I know. That's the one sticking point for me. Tough to find guys with long hair nowadays.

But ladies, this is where we get to use our imaginations, right? That's why we read! LOL

Gayle, there are videos out there--I confess, I haven't watched them because I'm a still photographer at heart still, video does nothing for me. But there's an accent--British, if I recall. Not quite as good as Irish, I know (Irish-Scottish girl here), but it's a start!


----------



## drenee (Nov 11, 2008)

oh my.


----------



## Jaasy (Feb 28, 2009)

Now y'all is what I call some die hards!  I just now posted this and already got responses!  LMAO...

Yep, Roarke is one fione specimen!!!


----------



## luvmy4brats (Nov 9, 2008)

Jaasy said:


> Now y'all is what I call some die hards! I just now posted this and already got responses! LMAO...
> 
> Yep, Roarke is one fione specimen!!!


Any excuse to come into this thread and scroll.....


----------



## Cindy416 (May 2, 2009)

Yikes!


----------



## VictoriaP (Mar 1, 2009)

Jaasy said:


> Now y'all is what I call some die hards! I just now posted this and already got responses! LMAO...
> 
> Yep, Roarke is one fione specimen!!!


Everyone's hoping for more pics... LMAO!


----------



## BTackitt (Dec 15, 2008)




----------



## BTackitt (Dec 15, 2008)

umm.... I use BING to search for pictures.. There's one I cannot post here.. but if you use BING and click images, and have safe search off... it's very close to indecent... but WOW.

--
Edit because somehow I misspelled BING..


----------



## VictoriaP (Mar 1, 2009)

BTackitt said:


> umm.... I use BING to search for pictures.. There's one I cannot post here.. but if you use BONG and click images, and have safe search off... it's very close to indecent... but WOW.

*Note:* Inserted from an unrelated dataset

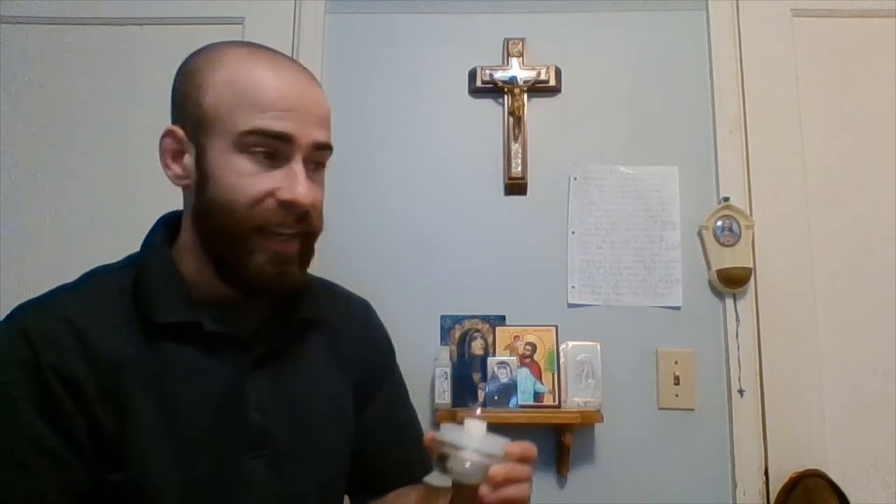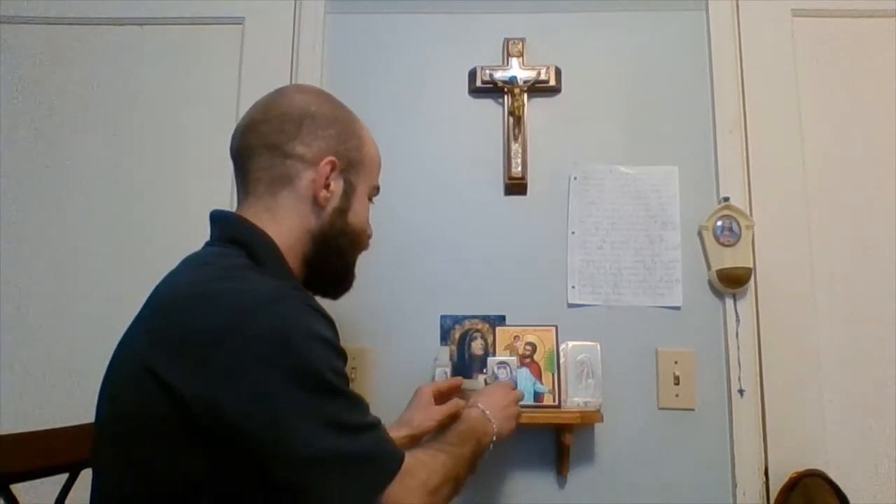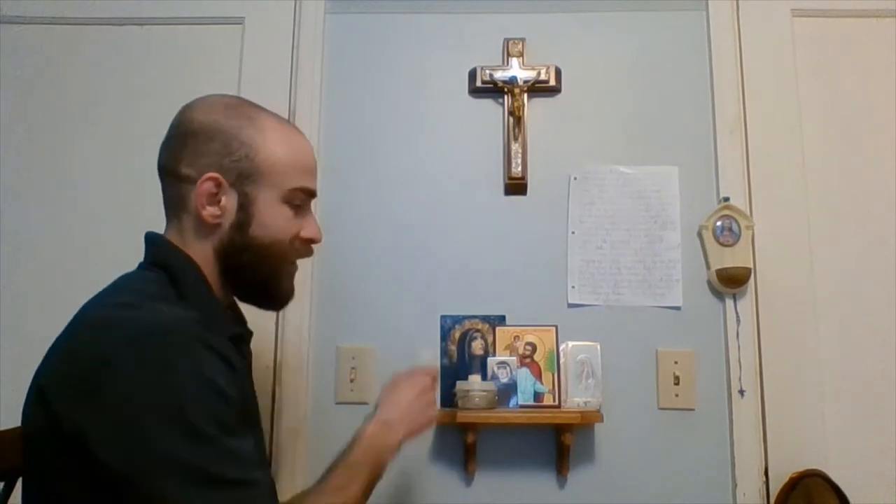Make sure you ask your parents to help you light the candles. I also have holy water — a little holy water font here — to start praying as we always do, in the name of the Father and the Son and the Holy Spirit. I bless myself, and when it gets empty I can refill it with this little bottle of holy water.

LOL--there's a LOT of pics from that session. One I stared at for a long time just trying to analyze the lighting. Seriously. They did an excellent job of shadowing to keep it just this side of total


Spoiler



porn


.

I like the one you just posted, though. Ones like that make him look at bit more human, a bit less demigod.


----------



## luvmy4brats (Nov 9, 2008)

VictoriaP said:


> But there was a very "Roarke" pic of him posted the other day that I need to find again, and one of my favorites is one I think of when I picture Eve & Roarke in the kitchen while Summerset's away on vacation. LOL I'll try to get the links for those tomorrow from the laptop--*Heather'll remind me if I forget, I'm sure!*


Time for a reminder... Kitchen pictures... So I can drool.


----------



## fancynancy (Aug 9, 2009)




----------



## Atunah (Nov 20, 2008)

Ach Du Heimatland   


Yes please, one of those  

I guess I know what I'll be reading after I finish the current book.


----------



## Cindy416 (May 2, 2009)

VictoriaP said:


> But there was a very "Roarke" pic of him posted the other day that I need to find again, and one of my favorites is one I think of when I picture Eve & Roarke in the kitchen while Summerset's away on vacation. LOL


Ok, Victoria and Heather, which of the "In Death" books has THIS scene in it? I have read the first three, but will have to find the one you're talking about.


----------



## lonestar (Feb 9, 2010)

Fanning myself!


----------



## VictoriaP (Mar 1, 2009)

Cindy416 said:


> Ok, Victoria and Heather, which of the "In Death" books has THIS scene in it? I have read the first three, but will have to find the one you're talking about.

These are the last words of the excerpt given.